C’était incompréhensible. Sterenn ne savait pas ce qui était plus fou : l’Artiste abandonnant une enfant à son sort ou cette même fillette insistant pour rester ici. Celle-ci continuait :

—Je dois rester dans les bois. Je ne peux aller nulle part ailleurs maintenant. Les Fonds sombres me restent fermés et le monde des hommes aussi.

—Je croyais que nous étions dans les Fonds sombres ?

—La forêt est la porte, répondit Maurine en haussant les épaules. Mais j’ai passé trop de temps ici. Je ne peux plus sortir. Si j’enlevais mes bracelets, peut-être, mais je crois que les monstres me mangeraient. Ils ne m’aiment pas trop. Et puis, c’est trop tard. Il n’y a rien pour moi dehors.

—Qui t’a dit ça ? s’écria Sterenn. C’est faux ! Tu peux sortir d’ici ! Je vais t’aider, juste…
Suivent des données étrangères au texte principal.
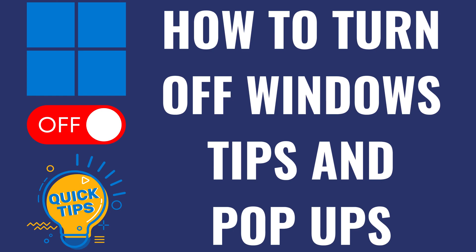I'm Max Dalton, and in this video I'll show you how to turn off Windows tips and pop-ups.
Elle tendit la main. Alors le visage de Maurine se tordit de colère. Elle repoussa sa main d’une claque et s’exclama :

—Non ! Je reste ici ! Mes parents sont ici, ils m’attendent ! Ils me cherchent, si je pars, ils ne me trouveront pas ! 

Impuissante, le ventre noué, Sterenn hocha la tête. Une partie d’elle se disait qu’il fallait continuer sa route, et Sterenn ne savait que faire de cette froideur. L’autre lui hurlait de faire quelque chose, n’importe quoi, tant que les choses changent. Or elle ne savait que faire. Finalement, elle dit :

—Mon ami l’Artiste m’a parlé d’une Déesse. Elle exauce les vœux, quand elle le veut. Pourquoi ne lui demanderais-tu pas de l’aide ?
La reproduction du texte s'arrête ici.